With this painting, Munch met his stated goal of "the study of the soul, that is to say the study of my own self". Munch wrote of how the painting came to be: "I was walking down the road with two friends when the sun set; suddenly, the sky turned as red as blood. I stopped and leaned against the fence, feeling unspeakably tired. Tongues of fire and blood stretched over the bluish black fjord. My friends went on walking, while I lagged behind, shivering with fear. Then I heard the enormous, infinite scream of nature." He later described the personal anguish behind the painting, "for several years I was almost mad… You know my picture, 'The Scream?' I was stretched to the limit—nature was screaming in my blood… After that I gave up hope ever of being able to love again, this is according to munch experience."

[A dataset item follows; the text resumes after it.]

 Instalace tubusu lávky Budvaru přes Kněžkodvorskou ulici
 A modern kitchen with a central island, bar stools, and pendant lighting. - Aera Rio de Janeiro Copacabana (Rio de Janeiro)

Many researches have been conducted by scientists on "The Scream", there has been many theories on the inspirations of iconic red-and-yellow sky in the painting that sold for a record $119.9 million in 2012? Some say it was a volcanic sunset after the 1883 Krakatau eruption. Others think the wavy sky shows a scream from nature.

But scientists at Rutgers University-New Brunswick, University of Oxford and University of London suggest that nacreous, or "mother of pearl," clouds can be seen in southern Norway inspired the dramatic scene in the painting. Their study is published in the Bulletin of the American Meteorological Society.

"What's screaming is the sky and the person in the painting is putting his or her hands over their ears so they can't hear the scream," said Alan Robock, study co-author and distinguished professor in the Department of Environmental Sciences at Rutgers-New Brunswick. "If you read what Munch wrote, the sky was screaming blood and fire."

There are four known versions of The Scream: an 1893 tempera on cardboard; an 1893 crayon on cardboard; an 1895 pastel on cardboard that billionaire Leon Black bought for nearly $120 million at auction; and a tempera on hard cardboard thought to have been painted in 1910.

Iridescent light from below the horizon illuminates polar stratospheric clouds, also known as nacreous clouds. Robock said the sky colors and patterns in Munch's paintings match sunset colors better when nacreous clouds are present versus other scenarios.


The Scream


A study conducted in 2017 also proposed nacreous clouds. The latest studies provide a more detailed and scientific analysis of Munch's paintings, focusing on photographs of volcanic sunsets and nacreous clouds and analyzing the color content and cloud patterns. If the new analysis is correct, Munch's art is one of the earliest visual documentations of nacreous clouds, the study states. Robock and others have previously proposed that a volcanic sunset indeed inspired the painting and he still thinks that is possible. This is according to the scientific research and metrological facts on the painting.